Clark did not return a call from The Washington Post on Tuesday, but she told Fox 32 she doesn’t regret asking the officers to take a knee inside the South-side precinct.
“I think the Chicago Police Department should be ashamed of itself for reprimanding these police officers,” she said. “These officers took a knee against racial injustice. They should be acknowledged and appreciated.”
She also said she knew a picture of black officers taking a knee while on the job would cause controversy. The photo she posted has since been liked more than 2,000 times on Instagram, and was splashed across the front page of the Chicago Sun-Times on Tuesday. Rapper Snoop Dogg has also weighed in.
“They feel the pain of the people too,” he wrote when he shared the picture on his Instagram and Twitter accounts Tuesday. “All police aren’t bad.”
Clark, who started a group that helps Chicago’s inner-city children and sells T-shirts with the group’s name, Hugs No Slugs, said she was inspired by Kaepernick, who regularly knelt in silence during the national anthem to protest police brutality against African Americans.
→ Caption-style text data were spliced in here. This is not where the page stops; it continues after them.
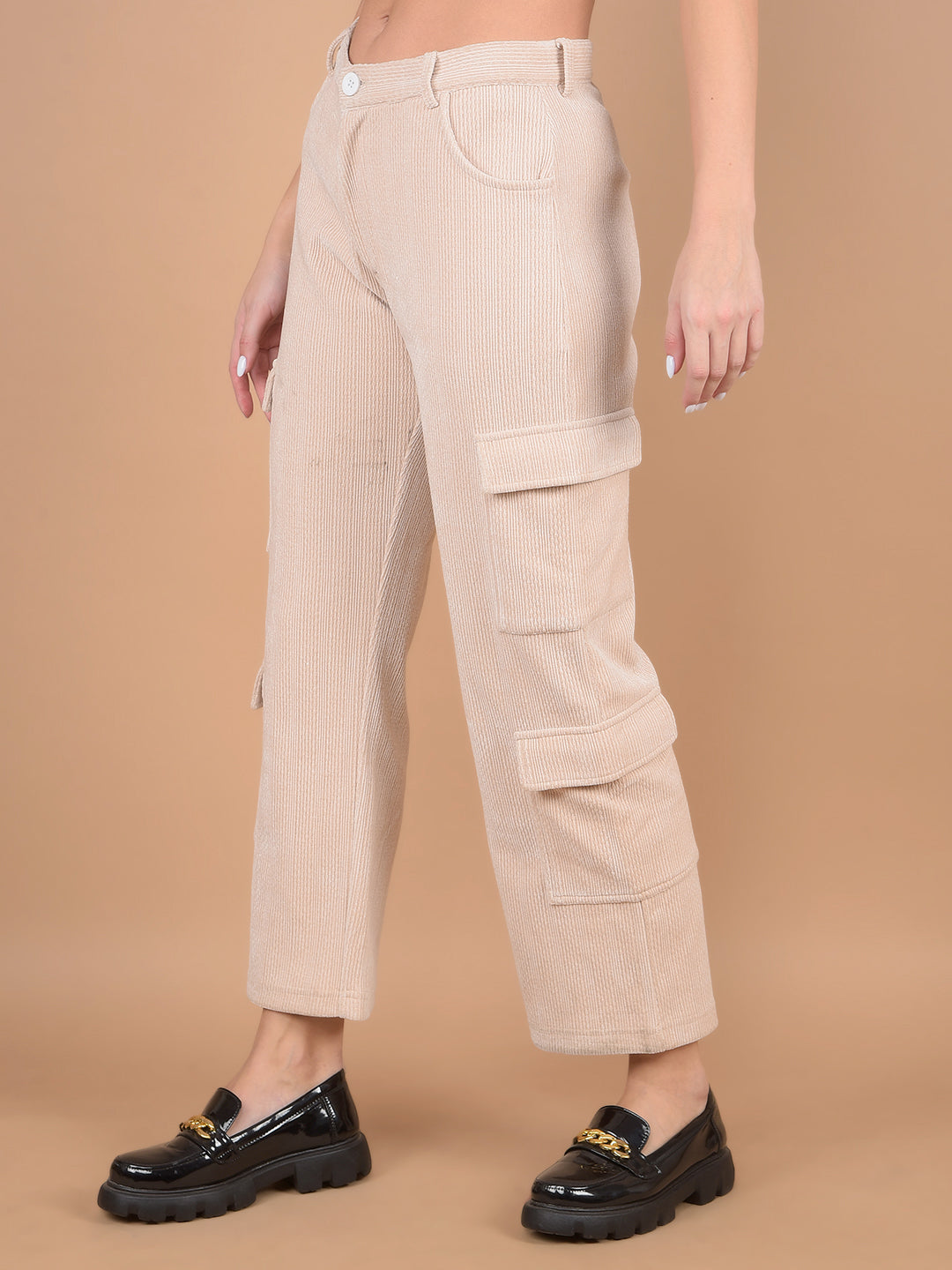 Beige Self-Design Cargo Trousers-Women Trousers-Crimsoune Club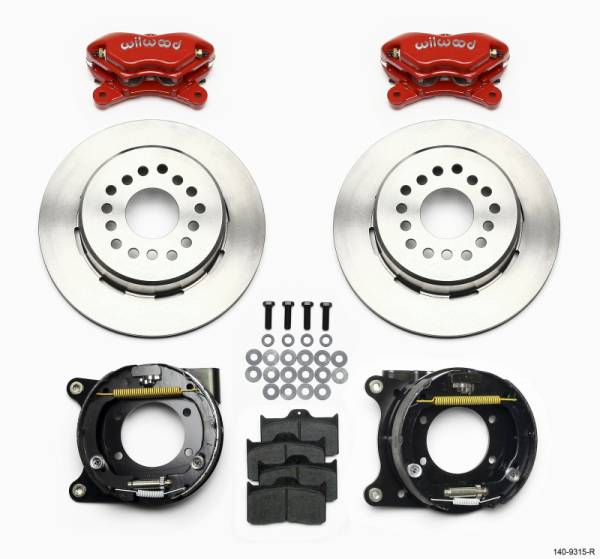 Wilwood - Wilwood Forged Dynalite P/S Park Brake Kit Red 12 Bolt 2.75in offset Staggered Shock - 140-9315-R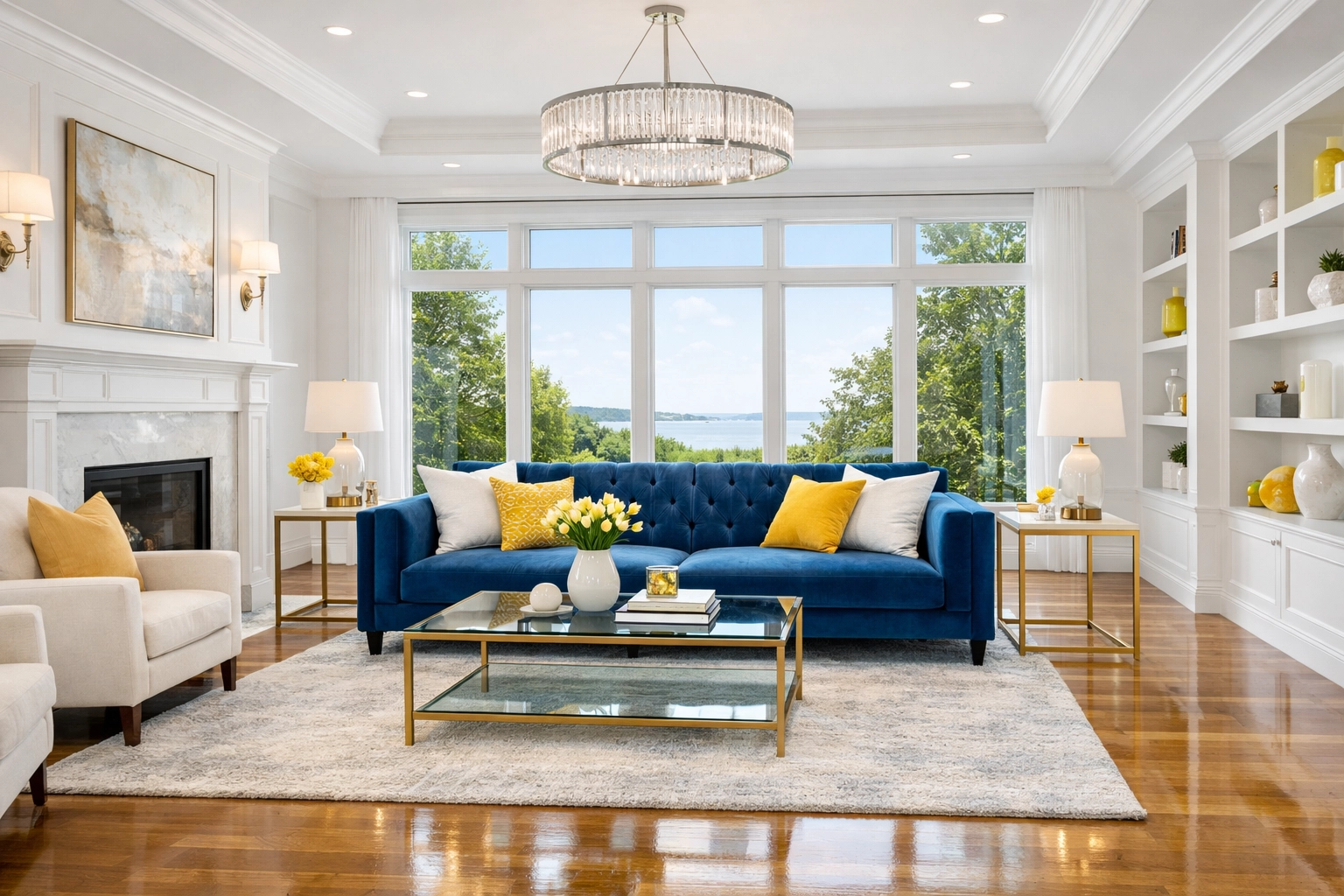 Spotless luxury living room in Massachusetts after professional construction cleanup services.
“I think that it’s imperative that African Americans know their rights,” Clark told Fox 32. “I think that if you are going to stand for something, that it should get national attention because that’s what our culture is missing. Something positive to stand for.”
Clark began asking people to take a knee after Trump used profane language in deriding athletes who protest.
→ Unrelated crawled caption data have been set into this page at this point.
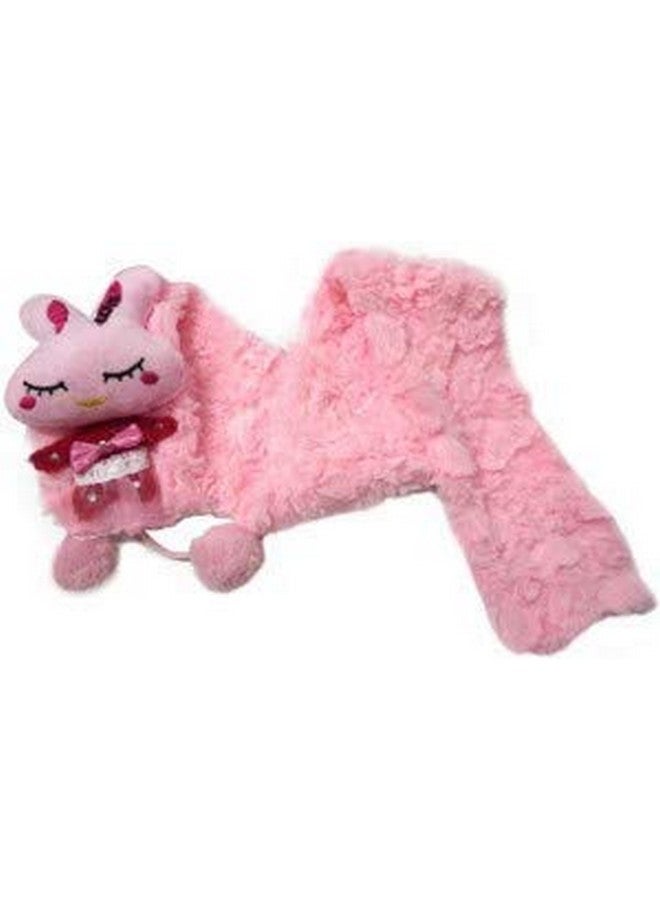 وشاح مالفينا الشتوي للأطفال بأسلوب كرتوني لطيف جداً ودافئ للأولاد والبنات دافئ ملون لرقبة الأطفال (وردي)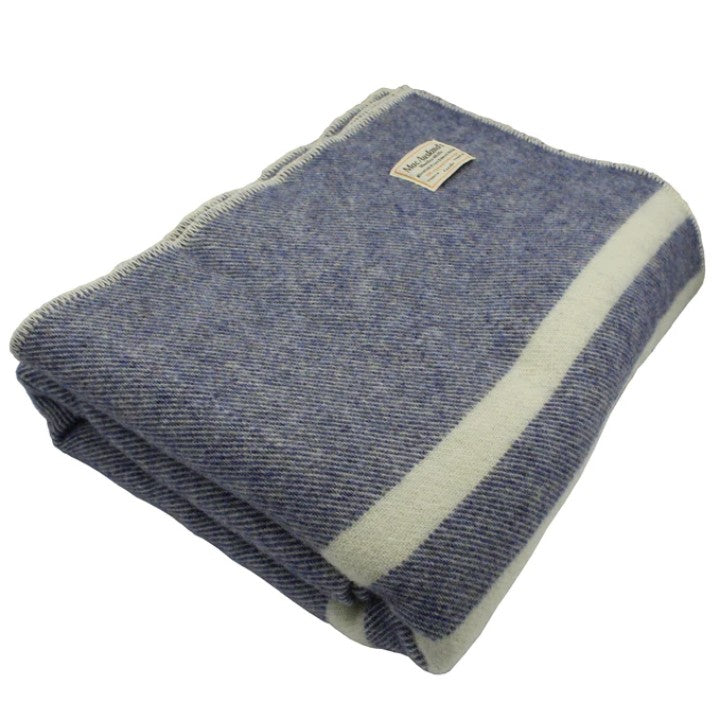 Tweed navy with white wool blanket; queen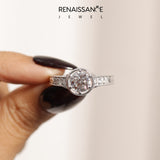 Silver Bezel Set Round Diamond Milgrain Pave Engagement Ring_98
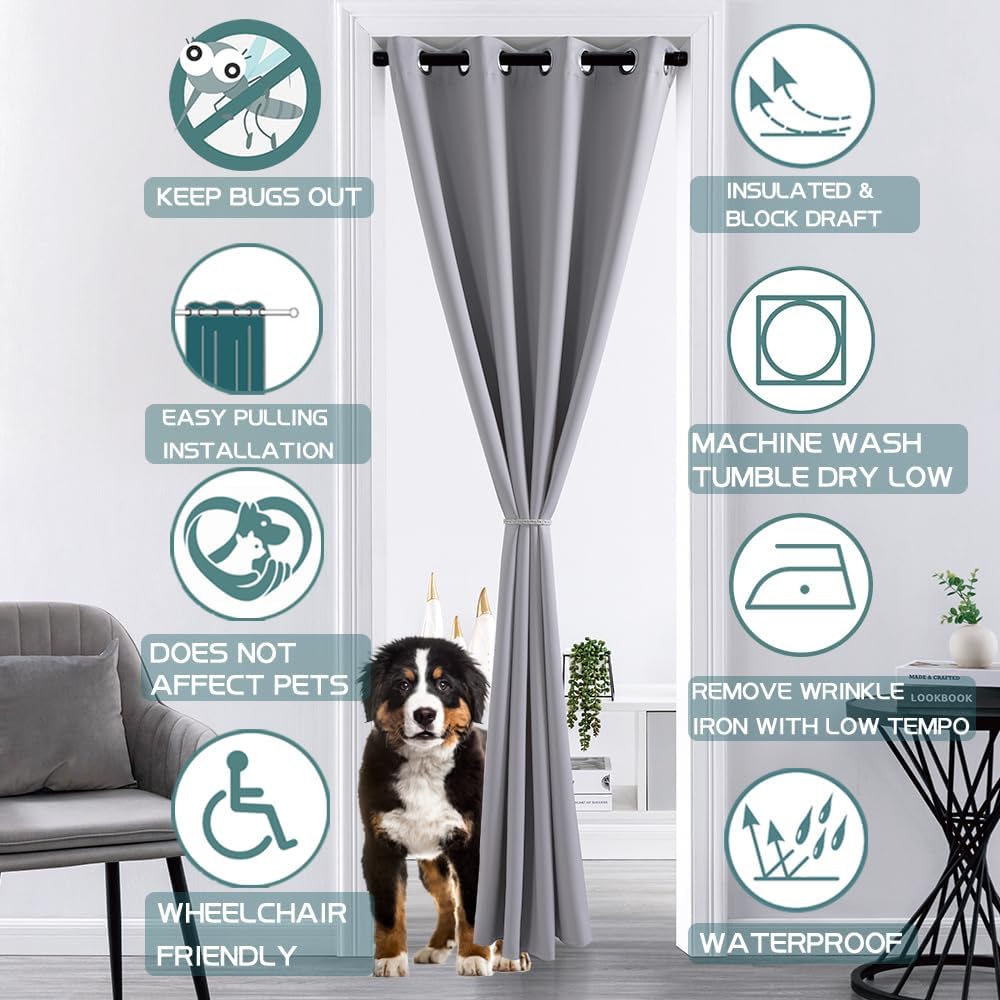 XTMYI 96 Inch Door Curtains Light Grey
“Wouldn’t you love to see these NFL owners, when somebody disrespects our flag, to say: ‘Get that son of a b—- off the field right now, out. He’s fired. He’s fired!’ ” Trump told a crowd at a political rally in Huntsville, Ala., on Friday.
Trump doubled down on his attacks over the weekend, calling on team owners to fire or suspend players who protest, encouraging fans to boycott games, and claiming NFL attendance and ratings are “WAY DOWN.”
In an act of mass defiance, dozens of players and numerous team owners, coaches and executives either took a knee or linked arms when the national anthem was played before Sunday’s games.
Last January, a Chicago police officer was also reprimanded after a red Make America Great Again hat was seen on the dashboard of his police cruiser.
In 2014, another officer was disciplined for playing the song “Sweet Home Alabama,” a song some consider to be racially offensive, during a protest against police brutality.